Nova réplica imediata,
mas pouco satisfatória:
- Claro, filho! QUEM
MAIS me telefonaria por causa da conta do telefone? E até sabia quanto é que eu
tinha pago no mês passado!
As coisas estavam a
escurecer, pelo que era forçoso passar à pergunta essencial nº 2:
- Que documentos lhe
mostrou?
- Ah, o BI, coisas
assim…
- E ASSINOU alguma
coisa? (eu já adverti 150000000 a senhora-octogenária-que-me-é-próxima para não
assinar nada sem ma mostrar antes, mas, com o seu feitio autoritário, ela
muitas vezes quebra esta regra).
- Bem…. Pronto, já sei
o que vai dizer, mas sim!
- O que era? Leu?
- Não! Ia lá agora ler
aqueles papéis chatíssimos da PT!
- Mas eu já lhe disse
que TEM de os ler, e para não os assinar assim, de olhos vendados. E não se
importa de me mostrar o exemplar com que ficou?
- Que tontice, filho,
não fiquei com exemplar nenhum!
- Assinou um contrato e
não ficou com uma cópia?
- Que contrato, não
assinei contrato nenhum!!
E, depois de breves
segundos de apreensão:
- Filho, se calhar é
melhor ligares para a PT…
É claro que não liguei
à PT: fui a um dos seus balcões, zangadíssimo, pondo ainda a hipótese de ter
sido aquele servidor a aproveitar-se da debilidade que os quase 90 anos da senhora-octogenária-que-me-é-próxima
reclamam. No entanto, ao ser atendido, os meus piores receios foram confirmados:
não tinha sido a PT a fazer aquele contacto (“Para quê”, perguntava o
funcionário, “se a senhora-octogenária-que-lhe-é-próxima já tem um plano tão
vantajoso?”), mas, provavelmente, um concorrente. Felizmente, deu
(garantiram-me que sim) para cancelar o processo (basicamente, declarar que não
se quer alterar nem o operador, nem o plano, não obstante quaisquer propostas
em contrário, sem que eu seja consultado) e apresentar uma reclamação.
No entanto, o pior de
tudo isto não foram os 10 euros (pagamento cuja exigência a senhora-octogenária-que-me-é-próxima
considerava ter sido muito mais grave do que a assinatura de um eventual
contrato) reclamados pelo funcionário “insolente”, mas o aproveitamento
incrível – por parte da “menina” e do tal rapaz – das fraquezas que a velhice
inapelavelmente acarreta. Eu sei que a senhora-octogenária-que-me-é-próxima é
dotada de um feitio difícil, muitas vezes só se ouve a si mesma e tem pouca
paciência para escutar gente que não conhece e considera ser “apenas” um
funcionário da PT (e que, na sua ótica um tanto oitocentista, estará ao nível
de um carteiro ou da senhora que lava as escadas – também eles “muito amáveis”).
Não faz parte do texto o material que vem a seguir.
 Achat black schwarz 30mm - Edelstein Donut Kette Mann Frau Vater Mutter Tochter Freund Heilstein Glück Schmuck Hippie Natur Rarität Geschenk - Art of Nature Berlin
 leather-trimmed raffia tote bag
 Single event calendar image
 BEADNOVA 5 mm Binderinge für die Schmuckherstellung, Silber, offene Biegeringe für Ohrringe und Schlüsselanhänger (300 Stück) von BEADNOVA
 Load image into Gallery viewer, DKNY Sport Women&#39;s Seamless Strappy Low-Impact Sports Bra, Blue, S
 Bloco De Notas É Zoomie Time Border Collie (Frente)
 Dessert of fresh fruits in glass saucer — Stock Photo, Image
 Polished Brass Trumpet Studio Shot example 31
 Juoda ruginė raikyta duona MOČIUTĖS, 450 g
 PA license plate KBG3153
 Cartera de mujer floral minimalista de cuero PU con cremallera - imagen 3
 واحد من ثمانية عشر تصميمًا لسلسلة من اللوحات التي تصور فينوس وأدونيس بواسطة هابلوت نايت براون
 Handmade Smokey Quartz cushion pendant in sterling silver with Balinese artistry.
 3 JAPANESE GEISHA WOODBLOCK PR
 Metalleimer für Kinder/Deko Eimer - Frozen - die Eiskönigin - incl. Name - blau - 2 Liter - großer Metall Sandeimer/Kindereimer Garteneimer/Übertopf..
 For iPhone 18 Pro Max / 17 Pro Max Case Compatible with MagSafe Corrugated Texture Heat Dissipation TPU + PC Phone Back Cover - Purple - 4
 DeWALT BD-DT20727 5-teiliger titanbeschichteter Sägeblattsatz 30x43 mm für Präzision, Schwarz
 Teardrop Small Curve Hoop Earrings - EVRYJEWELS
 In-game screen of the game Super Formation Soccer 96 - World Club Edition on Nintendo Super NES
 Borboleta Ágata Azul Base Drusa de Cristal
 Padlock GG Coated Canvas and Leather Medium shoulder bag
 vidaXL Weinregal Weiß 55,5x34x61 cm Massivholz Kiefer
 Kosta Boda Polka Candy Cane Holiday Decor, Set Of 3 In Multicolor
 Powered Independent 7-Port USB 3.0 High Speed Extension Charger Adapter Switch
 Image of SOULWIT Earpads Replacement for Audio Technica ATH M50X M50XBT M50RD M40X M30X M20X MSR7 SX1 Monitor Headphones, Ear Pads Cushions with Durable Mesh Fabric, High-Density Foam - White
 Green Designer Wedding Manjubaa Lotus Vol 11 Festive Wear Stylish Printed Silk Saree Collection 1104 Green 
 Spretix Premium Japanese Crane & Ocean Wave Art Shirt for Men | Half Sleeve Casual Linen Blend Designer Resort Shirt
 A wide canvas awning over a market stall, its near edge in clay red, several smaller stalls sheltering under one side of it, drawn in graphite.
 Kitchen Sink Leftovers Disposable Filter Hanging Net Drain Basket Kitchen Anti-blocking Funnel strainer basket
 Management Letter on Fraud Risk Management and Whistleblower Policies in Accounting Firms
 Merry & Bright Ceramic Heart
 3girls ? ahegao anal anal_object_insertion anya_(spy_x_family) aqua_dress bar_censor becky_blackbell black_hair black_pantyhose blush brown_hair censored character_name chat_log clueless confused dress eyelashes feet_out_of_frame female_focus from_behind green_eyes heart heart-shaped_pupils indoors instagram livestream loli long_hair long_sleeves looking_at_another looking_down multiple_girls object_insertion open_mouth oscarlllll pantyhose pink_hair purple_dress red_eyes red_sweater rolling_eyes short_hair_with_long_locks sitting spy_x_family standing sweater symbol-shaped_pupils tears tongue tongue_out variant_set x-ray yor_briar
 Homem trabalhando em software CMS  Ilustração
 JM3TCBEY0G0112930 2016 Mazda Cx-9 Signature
E sei que ela sabe perfeitamente que não pode andar por aí a distribuir assinaturas
e a mostrar cartões – mas que, ciclicamente, quebra estes compromissos. Sei,
também, que esta senhora-octogenária-que-me-é-próxima tem a sorte (?) de, dos
três netos que conta, dois serem licenciados em direito e a outra uma “barra”
em relações públicas.
No entanto, indigna,
mas indigna mesmo – não só pela senhora-octogenária-que-me-é-próxima mas também
pelas muitas e muitos outros que, mais desprotegidos, por esse país fora são
engrolados por “meninas simpáticas” e rapazes que comem cozido à portuguesa –
que haja gente sem uma pinga de carácter que, em vez de um trabalho limpo, se
preste a estes joguinhos com idosos.
E isso, não há crise
que justifique.
Fica o aviso, para
todos os que têm também senhoras(es)-octogenária(os)-que-lhes-sejam-próximas(os).